The event has some big-name sponsors behind it: The BC Ministry of Agriculture, the Regional District of Central Kootenay and Columbia Basin and Trust to name a few.

Food security: what is it?

While there are many definitions, the Food and Agriculture Organization defines food security as the state in which, “…all people, at all times, have access to sufficient, safe and nutritious food to meet their dietary needs and food preferences for an active and healthy life.”

100 Mile Diet authors in Nelson

With a growing focus on local food production and consumption, the idea of the ‘100 mile diet’ has also gained popularity. The idea is inspired by James MacKinnon and Alisa Smith’s book, The 100 Mile Diet: A Year of Local Eating. The couple spoke in Nelson on a recent tour through B.C.

“We started wondering, ‘is it even possible to eat local this day in age?’ ” Smith said.

The couple had long been aware of facts and figures regarding modern food systems, such as the one that states that the typical ingredient in a meal travels more than 2,500 km from farm to plate.

“Not even the numbers captured how absurd the food system has become,” Smith said.

They began to consider their own impact on the overall state of the planet and considered steps they could take to help.

MacKinnon suggested they try eating only foods within a 160-km radius of their Vancouver apartment.

“I was quite surprised when he sprung this idea upon me,” Smith said.

Swept up by the earnestness of their ideals, the couple took the plunge in the spring of 2005.

“The first salad we had that year was the chickweed we picked from around the garden,” Smith said. “Then we had about six weeks of borscht.”

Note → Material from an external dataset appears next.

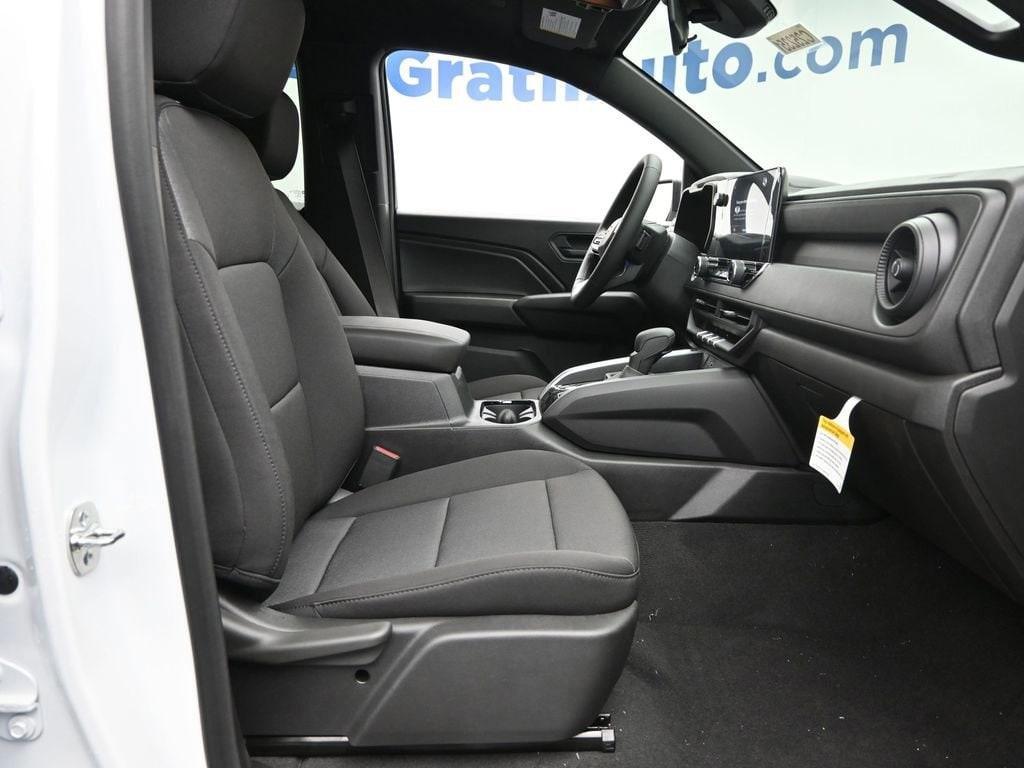 new 2025 Chevrolet Colorado car, priced at $33,140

Neither MacKinnon nor Smith hid the fact the year-long experiment caused incredible strain on their relationship. Through all their domestic trials, the couple grew more self reliant as their need for manufactured goods dwindled.

“I learned how to make bread,” Smith said. “James learned how to make pasta from scratch and we realized how much better they tasted than the store-bought versions.”

MacKinnon said they started encountering all sorts of new foods — odd delicacies no one had heard of like pumpkin honey.

“It was the best year of eating we ever had,” MacKinnon said.

“It was also the most diverse,” he said, adding, “the UN says we’ve lost 90 per cent of our crop diversity in the last century.”

Although their experiment has ended, they claim that local foods comprise of 85 per cent of their diet.

The Future of Food in the Kootenays Conference

“100 years ago, we [the Kootenays] were net exporters of foods,” said Dr. Piver.

While the Kootenays now imports much more than it exports, the region’s temperate climate and reasonably long growing season give Nelson councillor Gord McAdams cause for hope.

“We have some of the biggest opportunities in the province to be a bit more self reliant,” he said.

As for some regional solutions to food security issues, radio host Steinman said the upcoming conference is a big step toward tackling the issues.

“I think it’s first crucial to suggest, and be quite blunt at doing so, that if you’re not concerned about the state of our food supply, then you’re not paying enough attention,” he said.

The Future of Food Conference will feature two days of keynote speakers and workshops at the Prestige Inn in Nelson.